# cat% Dosen



## sabato (23. Januar 2002)

Moin Leute,

kann mir jemand sagen wie ich RJ-45 Kabel an cat5 Dosen anschließ ( also doe Kabelbelegung meine ich)

Danke

MfG
sabato


----------



## Marcus Roffmann (23. Januar 2002)

http://www.hrz.uni-dortmund.de/s3/nomo/rj45.html
http://www.bsg-dornier.de/computer/hw/10baset/10baset.htm
http://www.heise.de/ct/00/18/132/bild5.gif

Das habe ich mal so auf die schnelle gefunden!


----------



## sabato (23. Januar 2002)

*Nicht die Kabel sondern die DOSEN*

Danke

die kabel hab ich schon das ist nicht das problem. aber die cat5 dosen ist das prob


----------



## Marcus Roffmann (24. Januar 2002)

Uuups, *sorry* 
Ich hoffe, ich habe diesmal die richtigen gefunden:
http://www.sielkamp.de/SielNet/eV/rj45_beleg.html
http://members.tripod.de/dg8fz/tips/Network/RJ45_Belegung.html


----------



## Daniel Wittberger (19. August 2003)

@Marcus R.

auch wenn du sabato mit dem kabel nicht geholfen hast, mir schon ! besten dank

gr33ts
Stauffenberg


----------



## Kowkase (13. Oktober 2003)

Das Einfachste aber auch fitzligste ist wenn Du einfach mal ein abgeschnittenes Netwerkkabel (natülich einen Stecker noch dran) in die Dose steckst und dann mit einer kleine Batterie einfach eine Durchflussprüfung machst. Ist zwar ein bischen russisch aber dann hast Du die genaue Belegung der Dose!


----------



## Sinac (13. Oktober 2003)

Nur so ganz am Rande:
Cat5 bezeichnet das Kabel und nicht die Dose, oder?


----------



## Kowkase (13. Oktober 2003)

Auch nicht ganz korrekt, da CAT5 den Schirmungsgrad des Kabels bezeichnet, also auch nicht das Kabel genau. Andere wiederum identifizieren dieses schwer zu definierende Medium als RJ45-Verbindung. Was ja, genaugesehen, auch nicht das Kabel, sondern der Stecker ist.


----------



## Sinac (13. Oktober 2003)

Stimmt auch wieda....
Also wäre die korrekte Fragestellung "Wie bringe ich ein Twisted Pair Kabel der Kategorie 5 an eine Dose mit RJ45 Buchse an"
Obwohl da mit der Buchse bin ich mir jetzt auch nicht sicher...

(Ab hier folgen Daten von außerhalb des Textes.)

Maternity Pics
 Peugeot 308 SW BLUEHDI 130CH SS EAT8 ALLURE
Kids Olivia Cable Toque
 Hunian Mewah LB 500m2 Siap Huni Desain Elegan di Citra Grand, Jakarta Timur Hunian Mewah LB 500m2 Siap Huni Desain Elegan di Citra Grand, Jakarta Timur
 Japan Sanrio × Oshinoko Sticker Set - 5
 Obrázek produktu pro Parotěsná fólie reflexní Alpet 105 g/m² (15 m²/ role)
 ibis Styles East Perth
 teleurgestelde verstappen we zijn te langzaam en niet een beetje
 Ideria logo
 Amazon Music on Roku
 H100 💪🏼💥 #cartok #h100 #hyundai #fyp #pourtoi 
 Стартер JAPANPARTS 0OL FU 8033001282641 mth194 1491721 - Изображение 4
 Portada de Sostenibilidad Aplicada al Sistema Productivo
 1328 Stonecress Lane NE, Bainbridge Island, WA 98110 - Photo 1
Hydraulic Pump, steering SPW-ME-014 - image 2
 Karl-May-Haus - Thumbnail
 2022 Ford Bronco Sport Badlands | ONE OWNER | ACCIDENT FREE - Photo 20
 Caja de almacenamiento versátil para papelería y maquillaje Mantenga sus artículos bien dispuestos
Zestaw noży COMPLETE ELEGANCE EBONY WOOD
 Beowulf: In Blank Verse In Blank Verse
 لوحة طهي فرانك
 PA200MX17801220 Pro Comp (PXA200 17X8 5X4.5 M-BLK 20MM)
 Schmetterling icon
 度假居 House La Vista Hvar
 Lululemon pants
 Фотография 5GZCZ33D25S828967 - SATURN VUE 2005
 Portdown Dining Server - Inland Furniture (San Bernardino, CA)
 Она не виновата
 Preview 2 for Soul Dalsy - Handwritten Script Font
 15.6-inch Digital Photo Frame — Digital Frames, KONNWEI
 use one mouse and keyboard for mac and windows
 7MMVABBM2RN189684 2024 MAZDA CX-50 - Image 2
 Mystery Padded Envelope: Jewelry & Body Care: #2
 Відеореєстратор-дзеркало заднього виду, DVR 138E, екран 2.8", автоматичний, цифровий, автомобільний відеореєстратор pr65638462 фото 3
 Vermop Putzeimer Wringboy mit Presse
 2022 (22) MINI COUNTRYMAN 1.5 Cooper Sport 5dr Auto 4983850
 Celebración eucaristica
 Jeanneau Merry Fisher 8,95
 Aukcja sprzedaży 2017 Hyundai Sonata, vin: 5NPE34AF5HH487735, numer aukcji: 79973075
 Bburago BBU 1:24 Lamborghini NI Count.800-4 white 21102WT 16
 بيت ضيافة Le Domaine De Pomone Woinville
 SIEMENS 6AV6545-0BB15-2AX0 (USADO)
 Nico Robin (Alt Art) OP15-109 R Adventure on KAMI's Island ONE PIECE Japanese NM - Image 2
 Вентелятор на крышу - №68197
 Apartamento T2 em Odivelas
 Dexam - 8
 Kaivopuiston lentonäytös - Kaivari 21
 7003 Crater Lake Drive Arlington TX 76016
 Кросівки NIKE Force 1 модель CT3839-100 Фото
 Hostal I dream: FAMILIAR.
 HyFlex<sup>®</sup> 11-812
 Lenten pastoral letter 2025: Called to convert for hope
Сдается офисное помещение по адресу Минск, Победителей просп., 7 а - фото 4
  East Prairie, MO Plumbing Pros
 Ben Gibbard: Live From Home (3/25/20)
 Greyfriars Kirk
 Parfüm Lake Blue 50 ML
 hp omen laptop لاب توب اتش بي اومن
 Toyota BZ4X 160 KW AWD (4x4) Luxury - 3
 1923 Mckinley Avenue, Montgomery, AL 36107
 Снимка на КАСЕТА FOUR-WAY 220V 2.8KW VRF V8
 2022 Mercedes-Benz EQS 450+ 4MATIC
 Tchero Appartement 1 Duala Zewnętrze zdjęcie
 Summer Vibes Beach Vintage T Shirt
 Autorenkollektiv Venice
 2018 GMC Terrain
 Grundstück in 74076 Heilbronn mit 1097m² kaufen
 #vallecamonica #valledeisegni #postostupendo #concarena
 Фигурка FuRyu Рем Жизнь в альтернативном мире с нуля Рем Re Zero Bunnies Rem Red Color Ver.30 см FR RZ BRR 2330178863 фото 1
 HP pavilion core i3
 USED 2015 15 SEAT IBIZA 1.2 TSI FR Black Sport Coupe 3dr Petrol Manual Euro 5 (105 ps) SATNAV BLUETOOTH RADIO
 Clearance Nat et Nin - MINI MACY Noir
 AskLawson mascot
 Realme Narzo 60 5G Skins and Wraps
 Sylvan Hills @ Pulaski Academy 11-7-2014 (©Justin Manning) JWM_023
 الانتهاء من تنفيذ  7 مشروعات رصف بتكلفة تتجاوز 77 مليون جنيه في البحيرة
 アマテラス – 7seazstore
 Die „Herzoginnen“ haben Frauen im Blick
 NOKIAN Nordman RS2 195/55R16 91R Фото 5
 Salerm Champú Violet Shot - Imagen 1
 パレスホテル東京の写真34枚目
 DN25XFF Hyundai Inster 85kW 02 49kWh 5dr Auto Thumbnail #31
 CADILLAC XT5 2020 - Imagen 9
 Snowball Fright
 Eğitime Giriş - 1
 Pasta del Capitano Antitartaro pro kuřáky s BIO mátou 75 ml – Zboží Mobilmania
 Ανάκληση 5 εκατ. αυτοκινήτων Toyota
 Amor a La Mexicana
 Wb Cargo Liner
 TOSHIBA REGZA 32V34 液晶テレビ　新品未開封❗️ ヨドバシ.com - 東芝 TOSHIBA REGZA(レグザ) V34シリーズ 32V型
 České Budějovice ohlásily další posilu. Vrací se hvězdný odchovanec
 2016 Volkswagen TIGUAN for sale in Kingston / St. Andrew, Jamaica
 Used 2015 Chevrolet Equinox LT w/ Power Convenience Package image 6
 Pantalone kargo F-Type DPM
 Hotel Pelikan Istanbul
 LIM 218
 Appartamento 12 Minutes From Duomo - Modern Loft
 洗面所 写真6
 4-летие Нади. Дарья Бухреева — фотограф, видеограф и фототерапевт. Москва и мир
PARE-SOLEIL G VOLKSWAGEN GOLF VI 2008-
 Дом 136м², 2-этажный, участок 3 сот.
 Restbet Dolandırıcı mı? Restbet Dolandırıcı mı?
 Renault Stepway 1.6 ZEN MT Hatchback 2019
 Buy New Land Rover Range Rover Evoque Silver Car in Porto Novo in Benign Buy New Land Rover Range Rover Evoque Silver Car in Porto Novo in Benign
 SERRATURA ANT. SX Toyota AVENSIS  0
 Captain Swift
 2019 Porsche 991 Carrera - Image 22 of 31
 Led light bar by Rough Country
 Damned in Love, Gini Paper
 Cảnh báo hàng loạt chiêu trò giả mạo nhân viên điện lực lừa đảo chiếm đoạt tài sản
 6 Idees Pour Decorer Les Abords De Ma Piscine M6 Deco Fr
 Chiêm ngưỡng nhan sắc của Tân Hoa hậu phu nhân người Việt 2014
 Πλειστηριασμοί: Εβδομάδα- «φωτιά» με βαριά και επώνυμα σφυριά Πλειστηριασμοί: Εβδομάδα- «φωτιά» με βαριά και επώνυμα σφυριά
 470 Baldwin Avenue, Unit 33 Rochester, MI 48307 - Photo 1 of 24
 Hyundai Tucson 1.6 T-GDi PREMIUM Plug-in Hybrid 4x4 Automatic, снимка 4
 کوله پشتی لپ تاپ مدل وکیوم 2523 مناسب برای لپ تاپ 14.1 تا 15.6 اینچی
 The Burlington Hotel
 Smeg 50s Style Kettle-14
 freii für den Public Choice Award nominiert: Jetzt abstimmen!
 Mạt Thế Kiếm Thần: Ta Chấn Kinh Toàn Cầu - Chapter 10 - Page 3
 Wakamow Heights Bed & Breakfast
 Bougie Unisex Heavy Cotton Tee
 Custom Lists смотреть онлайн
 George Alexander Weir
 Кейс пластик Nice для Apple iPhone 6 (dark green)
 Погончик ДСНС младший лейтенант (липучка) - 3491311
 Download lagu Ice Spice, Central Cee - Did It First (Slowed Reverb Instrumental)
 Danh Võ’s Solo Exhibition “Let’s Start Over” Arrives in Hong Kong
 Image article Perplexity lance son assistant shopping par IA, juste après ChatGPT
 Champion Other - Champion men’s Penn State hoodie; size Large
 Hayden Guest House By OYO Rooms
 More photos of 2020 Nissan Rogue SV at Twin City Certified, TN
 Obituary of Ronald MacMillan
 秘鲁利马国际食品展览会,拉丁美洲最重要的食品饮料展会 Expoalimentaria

naja, alle wissen was gemeint ist 

Greetz...
Sinac


----------



## Kowkase (13. Oktober 2003)

Hast Du dieses Problem immer noch, dann schicke ich Dir ne detaillierte Anleitung der "russischen Durchlaufprüfung" per mail, das würde hier dann zu albern werden.

Gruß, der Kowkase


----------